By that time, original guitar player Brian Emory was already out of the band. In 1983, Grisham and drummer Todd Barnes quit, too. All that was left was the bass player. Unless you’re Thin Lizzy or Motorhead, you really can’t leave the bass player in charge of your band, man. He’ll do something crazy. And that’s what happened. Mike Roche said ‘fuck it’, and turned TSOL into a Sunset Strip sleaze metal band. At this point, why the hell not? By 1987’s Hit and Run album, they had scrubbed all the old punk edges off completely. They had long hair and dangling earrings and sang about chicks instead of destroying the state. Most of the “kids” just accepted them as the Cult rip-offs they became, and probably weren’t even aware of their bloody, short-haired punk rock past. It was honestly one of the more seamless transformations of the era, certainly less jarring than Discharge or Celtic Frost’s hardcore punk/metal-to-glam makeovers. And again, the GN’R endorsement certainly didn’t hurt. For a bunch of punk rock turncoats, things were going pretty well.

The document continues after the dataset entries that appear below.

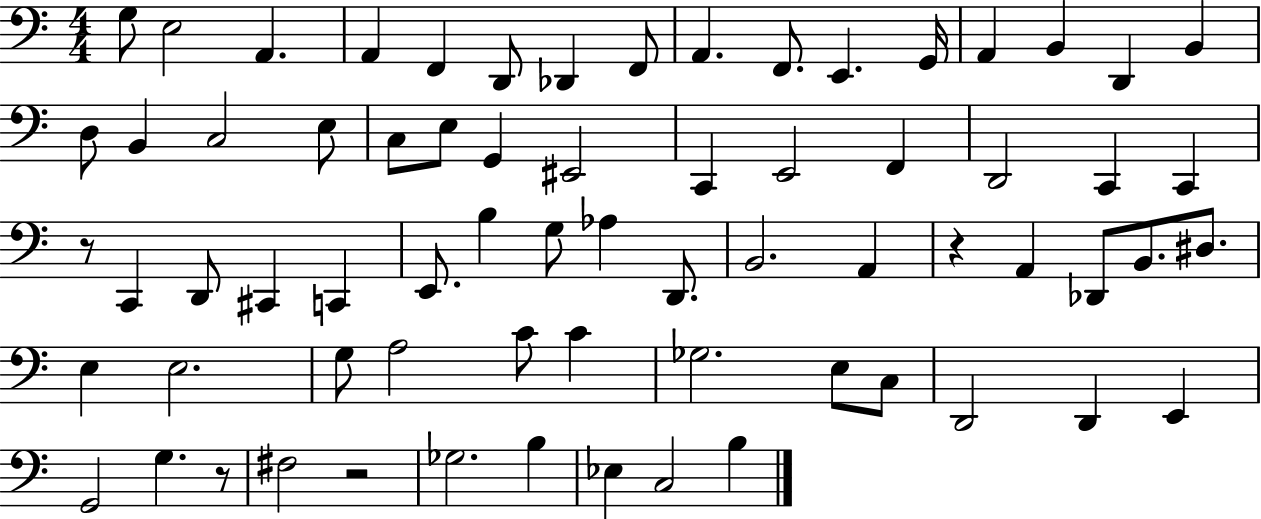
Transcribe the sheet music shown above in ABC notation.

X:1
T:Untitled
M:4/4
L:1/4
K:C
G,/2 E,2 A,, A,, F,, D,,/2 _D,, F,,/2 A,, F,,/2 E,, G,,/4 A,, B,, D,, B,, D,/2 B,, C,2 E,/2 C,/2 E,/2 G,, ^E,,2 C,, E,,2 F,, D,,2 C,, C,, z/2 C,, D,,/2 ^C,, C,, E,,/2 B, G,/2 _A, D,,/2 B,,2 A,, z A,, _D,,/2 B,,/2 ^D,/2 E, E,2 G,/2 A,2 C/2 C _G,2 E,/2 C,/2 D,,2 D,, E,, G,,2 G, z/2 ^F,2 z2 _G,2 B, _E, C,2 B, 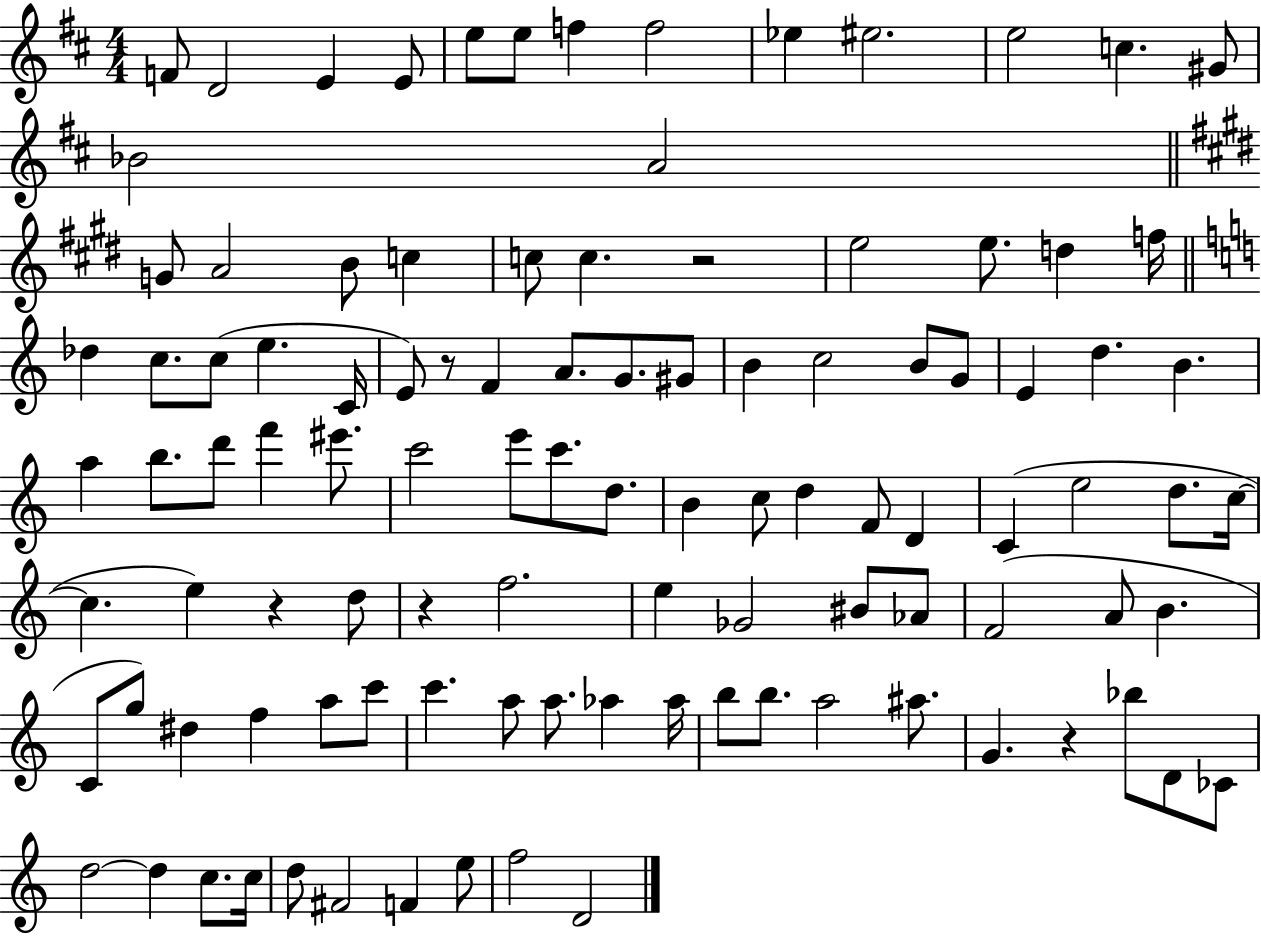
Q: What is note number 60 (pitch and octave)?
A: C5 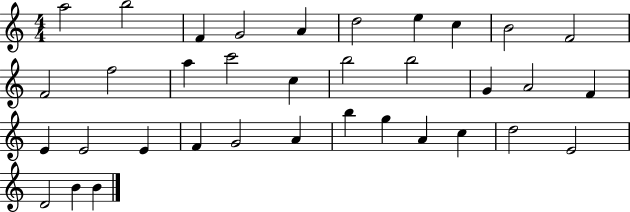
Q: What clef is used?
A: treble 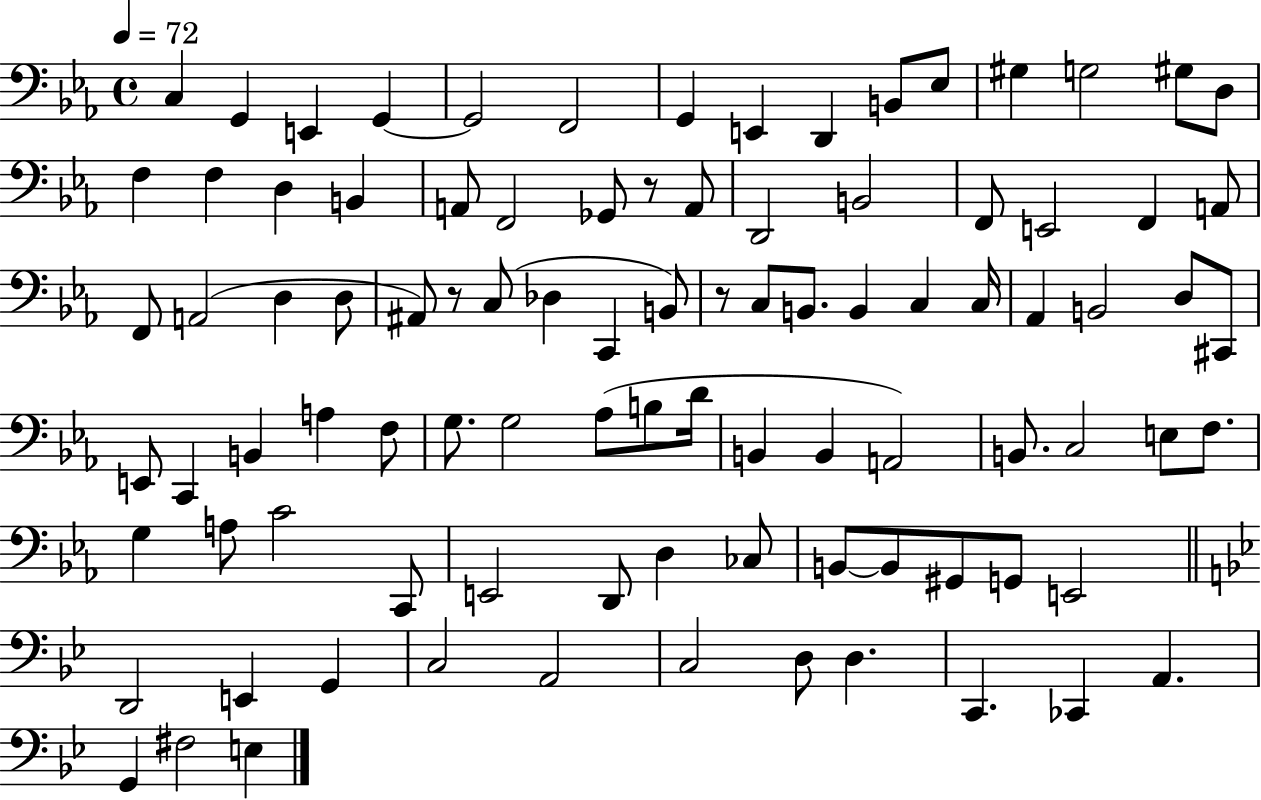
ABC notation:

X:1
T:Untitled
M:4/4
L:1/4
K:Eb
C, G,, E,, G,, G,,2 F,,2 G,, E,, D,, B,,/2 _E,/2 ^G, G,2 ^G,/2 D,/2 F, F, D, B,, A,,/2 F,,2 _G,,/2 z/2 A,,/2 D,,2 B,,2 F,,/2 E,,2 F,, A,,/2 F,,/2 A,,2 D, D,/2 ^A,,/2 z/2 C,/2 _D, C,, B,,/2 z/2 C,/2 B,,/2 B,, C, C,/4 _A,, B,,2 D,/2 ^C,,/2 E,,/2 C,, B,, A, F,/2 G,/2 G,2 _A,/2 B,/2 D/4 B,, B,, A,,2 B,,/2 C,2 E,/2 F,/2 G, A,/2 C2 C,,/2 E,,2 D,,/2 D, _C,/2 B,,/2 B,,/2 ^G,,/2 G,,/2 E,,2 D,,2 E,, G,, C,2 A,,2 C,2 D,/2 D, C,, _C,, A,, G,, ^F,2 E, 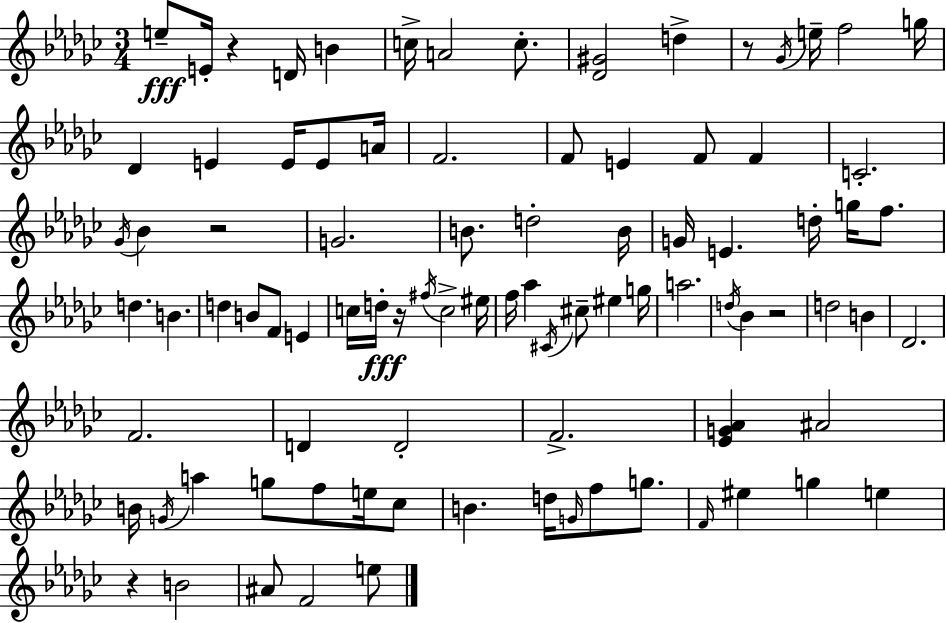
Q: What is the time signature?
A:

And then came 1990’s Strange Love. It’s their best album, really. That’s the takeaway. It’s brawling, used-leather biker metal, full of bracing, fist-pumping, fight-and-fuck anthems. It’s probably the closest TSOL album, in terms of intensity, to their early punk rock warrior days. It’s up there with Circus of Power’s Magic and Madness, The Almighty’s Soul Destruction, and The Cult’s Sonic Temple when it comes to sheer chest-thumping, he-dog motorcycle mania. But Roche split right after it was finished, so can you even call it a TSOL album? I guess the answer is no, because pretty much the next ten years was just lawsuits and warring TSOLs fighting for the same club-date scraps. Ultimately the original punk rock bullies won out, and they’re still riding the hardcore nostalgia circuit, most recently on a tour with whoever is left from their old sparring buddies in Black Flag.

Also singer Grisham ran for governor of California in 2003. He got over 2,000 votes so, you know, pretty close.